None of the royal characters are caricatured and Robert Powell is terrifically stubborn and vulnerable as the new King who just wants an easy life after waiting almost a lifetime for his mother to pass away and for himself to rightfully attain the throne. Son, Harry 'Prince of Wales' just desires to be a 'normal bloke that shops in Sainsbury's and has a house that he has paid for'. Richard Glaves lights up the stage as the confused and love-struck Harry and Lucy Phelps plays his new girlfriend and staunch republican in a very natural way – at once in awe of her situation and politically pulling the opposite way.
William and Kate (Ben Righton and Jennifer Brydon) are almost perfect look-a-likes for their roles; William forever holding his hands together at waist level; intelligent, polite and strongly built and Kate – beautifully dressed and initially demure. As the play evolves however the tides turn and Kate comes into her own; acting much more ambitious and vociferous, pushing her husband William to usurp his father as king.

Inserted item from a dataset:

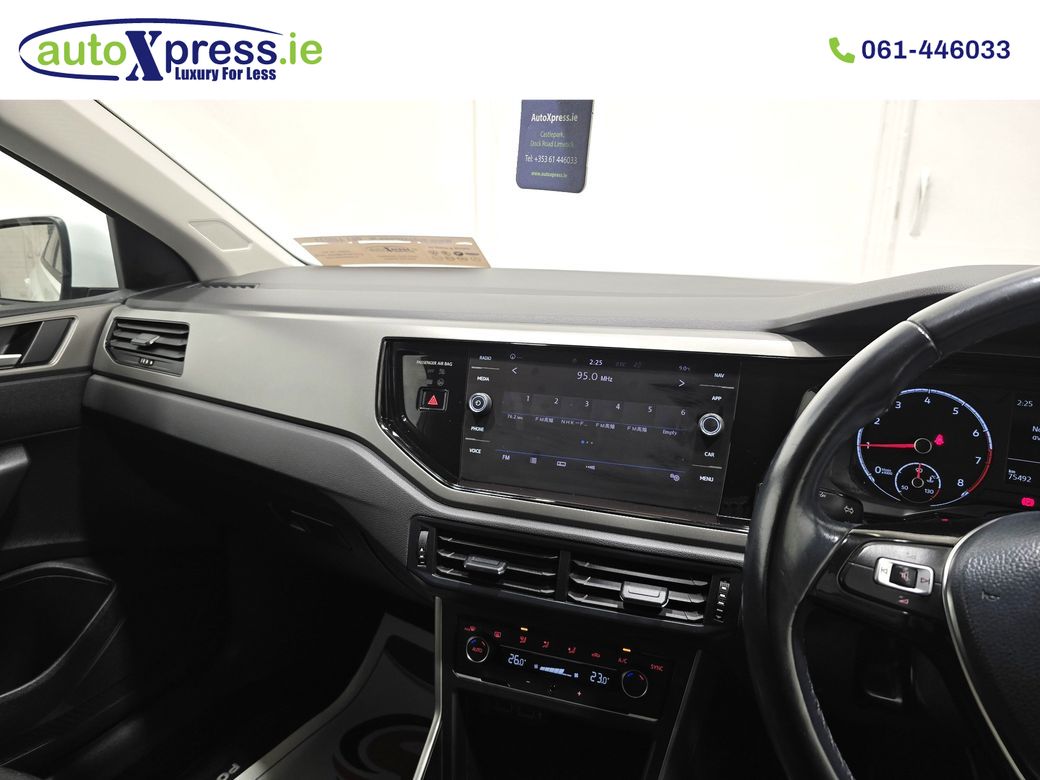 2019 Volkswagen Polo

Supporting King Charles III himself is his wife Camilla (Penelope Beaumont) and shown as an equal to Charles whose loyalty to her husband is tried to the utmost as the country goes into civil war and Charles struggles to reason why.
The two major politicians Mr Stevens and Mr Evans (Giles Taylor and Tim Treloar) appear to walked straight out of the real House of Commons and even with their dialogue being mostly governed by the strictures of iambic pentameter, their performances are very natural and powerful on the stage.

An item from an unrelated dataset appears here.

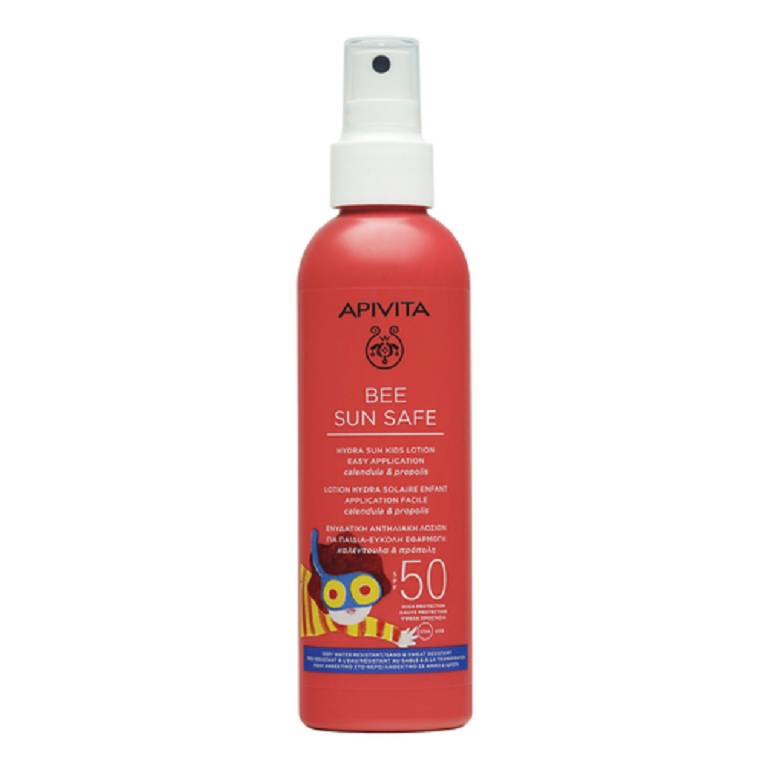 APIVITA SUN KIDS SPF50 SPRAY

This complex and potentially controversial play from the Almeida Theatre (on tour) is brilliantly written and performed and although the story is dark and - even includes a recognisable ghost predicting destiny- it is not without a great deal of wit.
For those coming to the play to see Robert Powell as the lead they will be delighted in his tour de force portrayal in the challenging lead role. For those interested in witnessing 'a play of the future' today with a superb ensemble look no further than this terrific production. Charles III runs at Nottingham Theatre Royal until Saturday 10th October 2015.